Many investors are fearful of the next market crash. When will it happen? How big will it be? Will my retirement savings be at stake?
These concerns are certainly understandable, considering that the 2008 Financial Crisis is still visible in the rearview mirror. But, it turns out that investors are a lot more worried than they should be. If we define a stock market crash as a single-day event where the market precipitously falls, we find that these crashes are actually quite rare. Looking at declines in the magnitude of the October 1987 drop (-22.61%) or “Black Monday” in October 1929 (-12.82%), Yale researchers William N. Goetzmann and Robert J. Schiller along with Case Western Reserve’s Dasol Kim, found that there is a less than 1 percent probability of an extreme stock market collapse in any six-month period.
With that in mind, the next statistic might surprise you…
Since 1989, those researchers (Schiller in particular) have been tracking the judgments of individual and institutional investors on the probability of a severe market crash. In other words, over the past two-plus decades he’s been asking investors if they think a stock market crash is likely ahead.
From all the data that he collected, he found that investors, on average, said there was a 19% chance of a one-day market crash in the next six months. This means that investors pegged the likelihood of a crash at 20 times the historical precedent.
Investors are more fearful of a market crash than they should be. Are you that concerned too?
Too Much Noise
The researchers were curious where this additional concern/fear was coming from, and their argument here might not surprise you at all – they cited the negative influence of the news media on investor behavior. The researchers argue that journalists can “frame recent events through selective reporting – emphasizing negative outcomes.” Go figure.
It’s no secret that excitement, negativity and scandal are what sell newspapers – not optimism. In the financial news community, it’s almost always about looking for the next shoe to drop. News reporting is more often about what is going wrong or what could go wrong, versus all of the factors that are going well. If you did not hear too much about the solid corporate earnings rebound at the tail end of last year, and how that is also playing a role in the stock market rally, then you see my point.
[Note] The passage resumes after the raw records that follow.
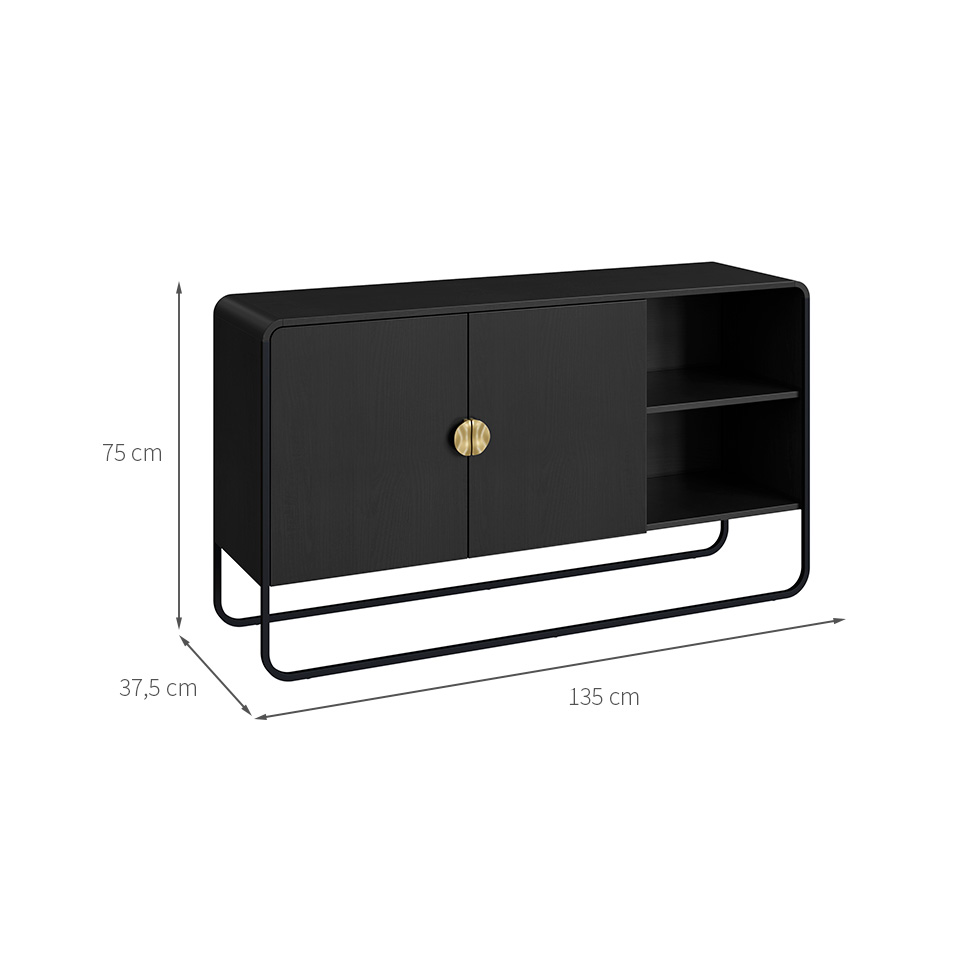 Buffet Luna 2 Portas Preto e Dourado 135 cm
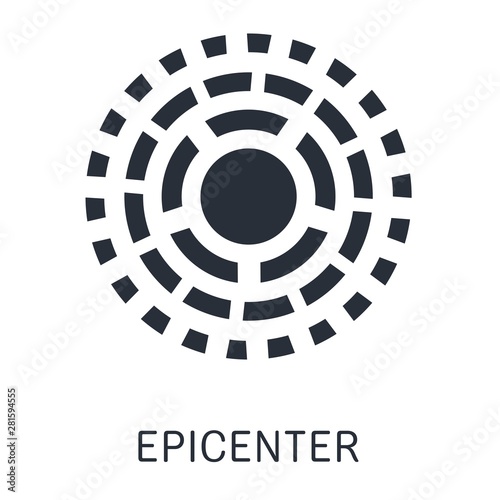 Epicenter. Vector icon on white background.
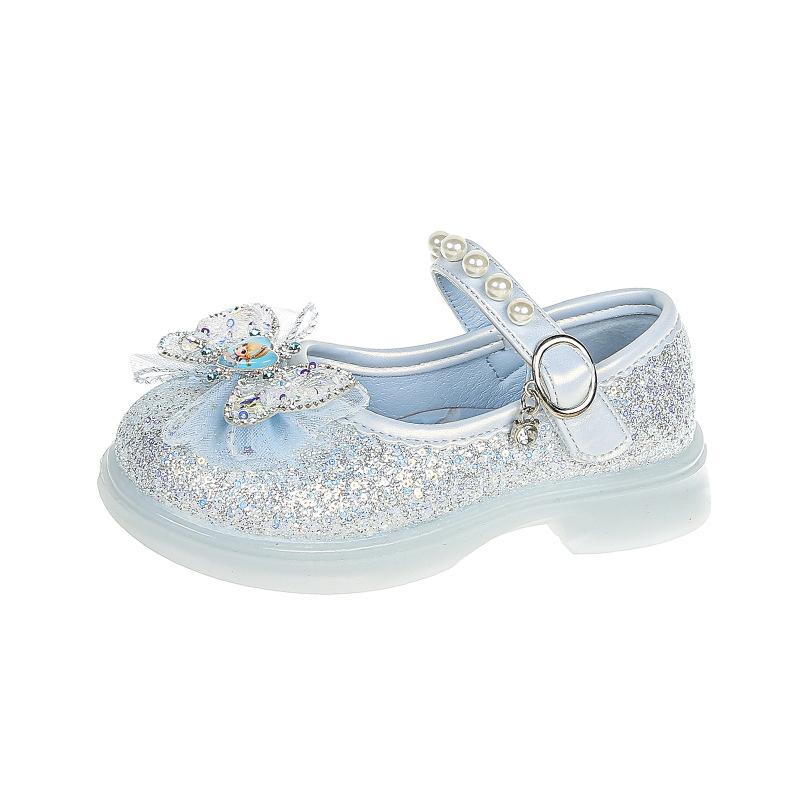 Girls' leather shoes with lights 2025 spring and autumn new children's bow rhinestone princess shoes baby girl soft sole single shoes tide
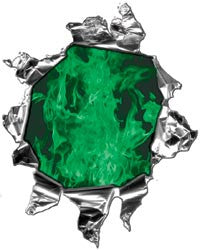 Mini Ripped Torn Metal Decal with Inferno Green Flames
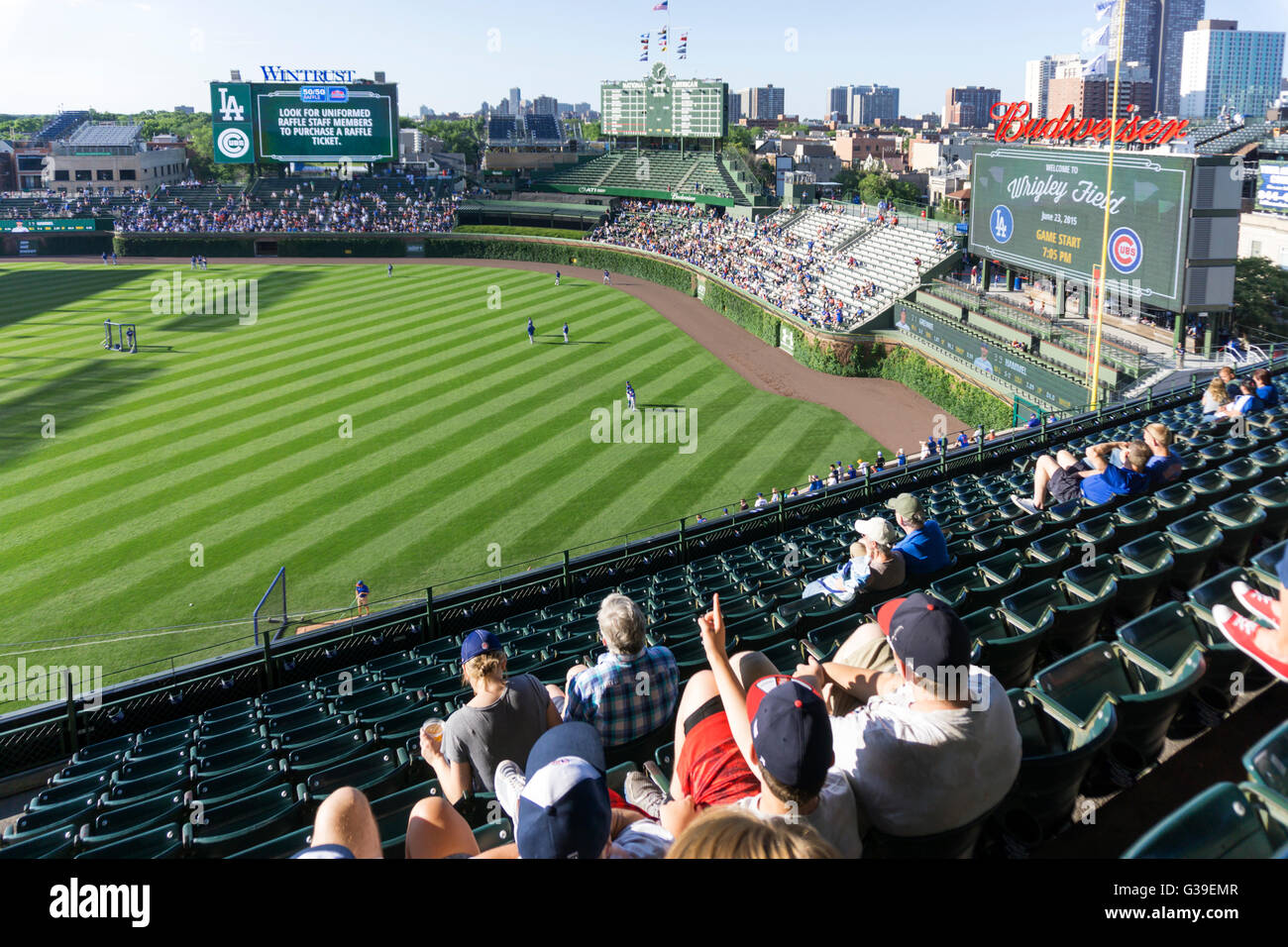 Terrain de baseball Wrigley Field de Chicago, le stade des Chicago Cubs. Banque D'Images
Case in point: Schiller and company used Wall Street Journal articles to test their theory, measuring the influence of word choice and subject matter on investor expectations of a crash. They searched articles for negative terms like “crash” and “bad news,” and then they did the same for optimistic phrases like “boom” and “good news.” Their data confirmed what most would have suspected: “articles with “crash” and related terminology correlated with higher investor expectations of a stock market crash in the succeeding six months.”
Bottom Line for Investors
Avoid snap judgments and watch less financial news!
Of course, I’m not advocating you receive less information. I’m just proposing you receive less bad information. And there is a lot of it out there. A daily diet of CNBC will make most investors want to duck, cringe, and rethink their entire portfolio strategy. But, most of the time we should be doing none of those things.
As has been the case for most of the last eight years, many of the fearful headlines have not amounted to much. China’s hard landing? Forgotten. Europe’s sovereign debt crisis? Not as bad as many expected. Brexit? The markets rallied in the months after it. You can go on and on, and in each of those cases there was a slight hysteria in the financial news media, but the stock market found a way to keep climbing. I’d expect the same to be the case in 2017.